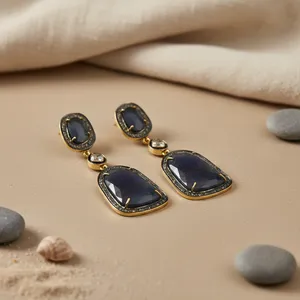 Pendientes de Plata 925 con Zafiro Plateado Vintage de Art Palace, Joyería de Moda para Mujer, Engaste de Bisel, Forma de Cascada, para Fiesta - Product Image 3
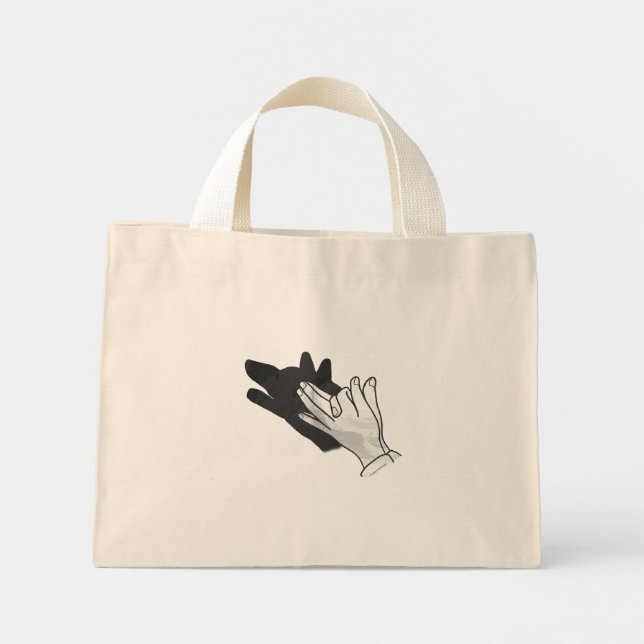 Bolso De Tela Diminuto Hand Silhouette Wolf (Frente)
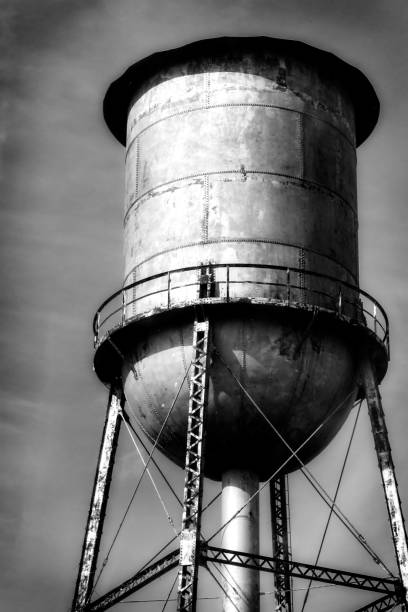 istock Vintage Water Tower in Black and White 2163637781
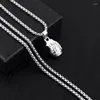 Pendant Necklaces Shiny White K Grenade Necklace Punk Men's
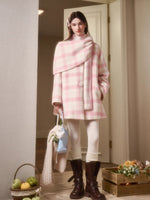 Baby Pink Raspberry Check Wool-Like Cape Coat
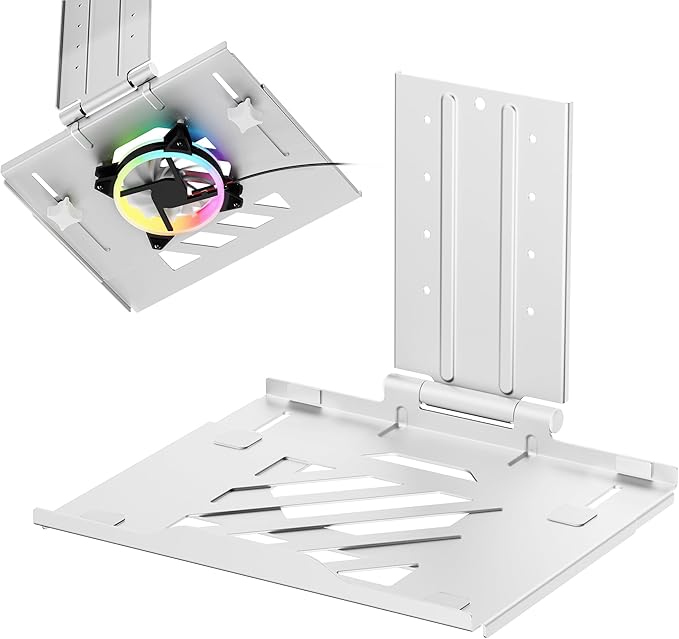 AVLT Adjustable Laptop Tray with Support for 120mm Fan Compatible with VESA 75x75 Monitor Arm - Fits Up to 17 Inch Laptop - White (Fan Not Included)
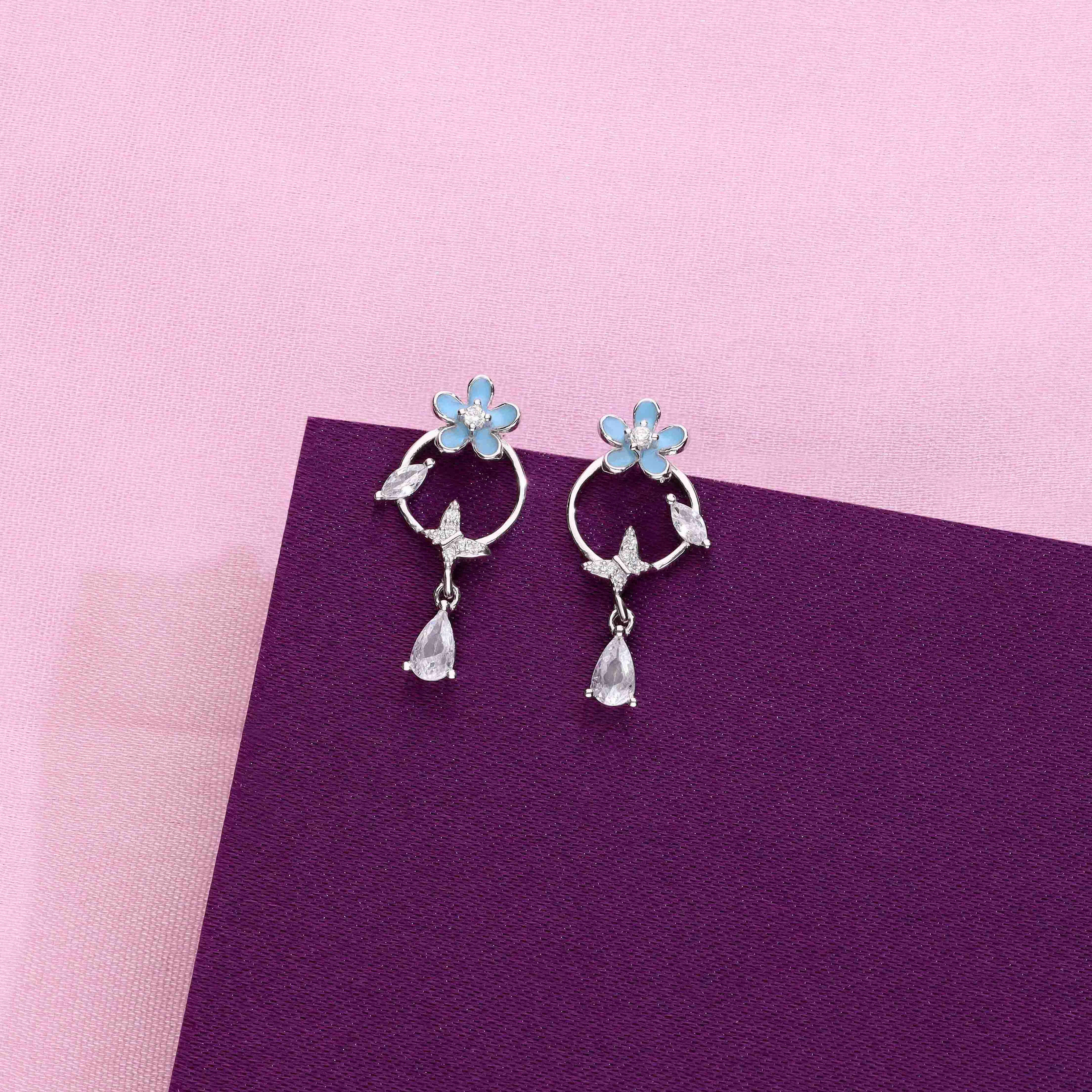 Sterling Silver Floral Casual Drop Earrings - Image 6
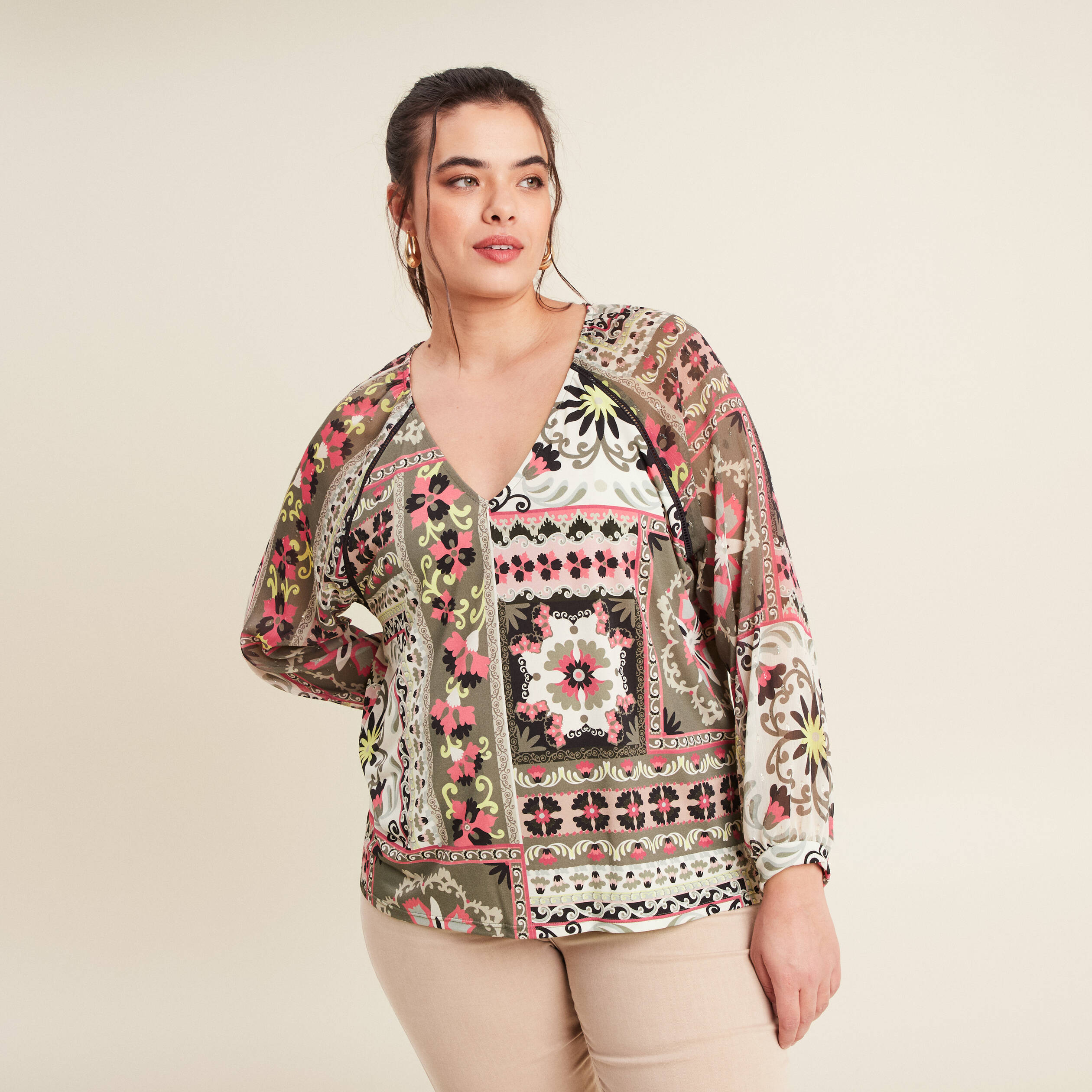 T-shirt manches 3/4 multicolore femme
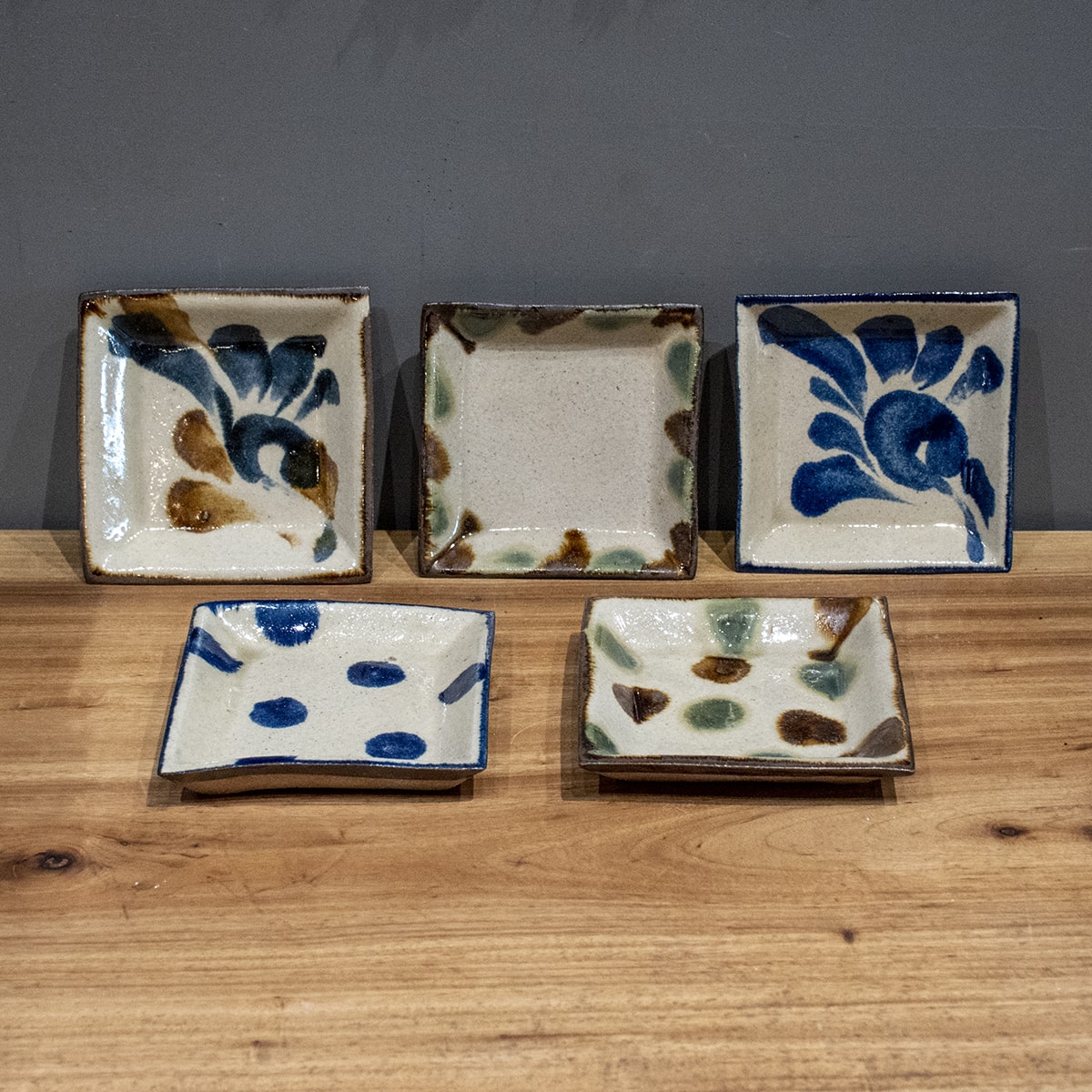 Small Square Dish Set from Okinawa (4 pieces)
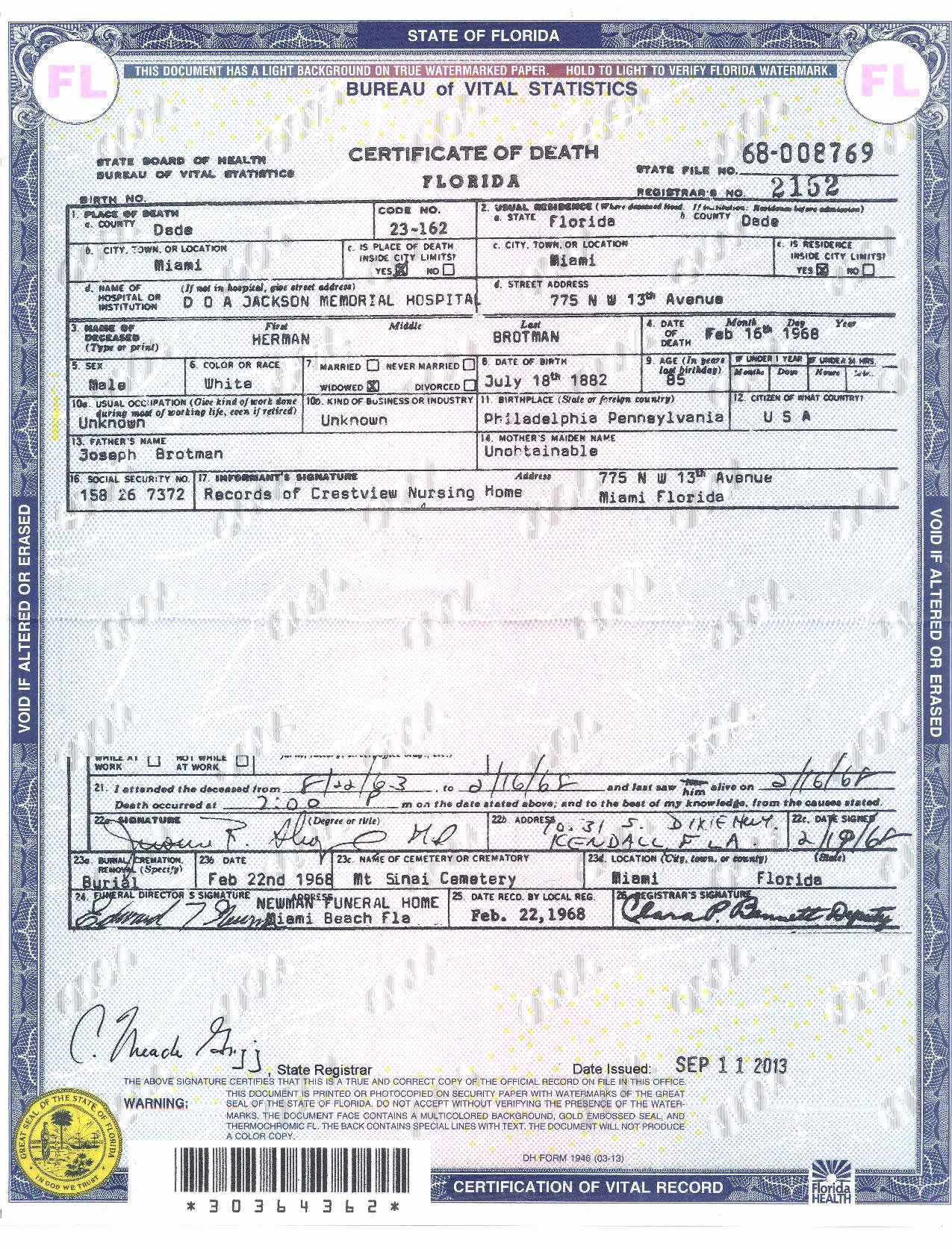 Florida Death Certificate Sample Unique 301 Moved Permanently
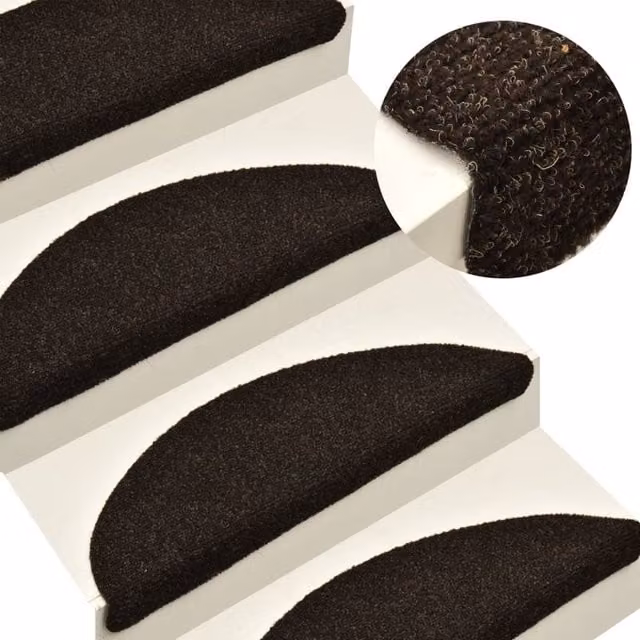 Berkfield Home Self-adhesive Stair Mats, 5 Pieces, Dark Brown, W/D/H: 56 x 17 x 3 cm – 1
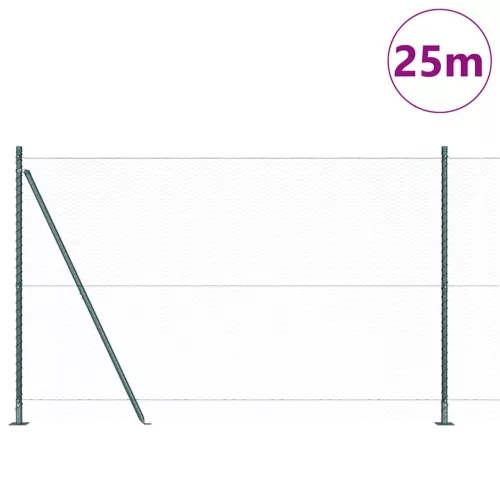  Kerítésoszlop Zöld 25 x 1,5 m (25 mm háló) Acél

# EXERCISE BRIEF:
Only the lines above from the one with "istock Vintage Water" to the one with "Small Square Dish" should be printed, both included and exactly as written; no picture belongs in the copy.

# EXERCISE SOLUTION:
 istock Vintage Water Tower in Black and White 2163637781
 Pendant Necklaces Shiny White K Grenade Necklace Punk Men's
 Baby Pink Raspberry Check Wool-Like Cape Coat
 AVLT Adjustable Laptop Tray with Support for 120mm Fan Compatible with VESA 75x75 Monitor Arm - Fits Up to 17 Inch Laptop - White (Fan Not Included)
 Sterling Silver Floral Casual Drop Earrings - Image 6
 T-shirt manches 3/4 multicolore femme
 Small Square Dish Set from Okinawa (4 pieces)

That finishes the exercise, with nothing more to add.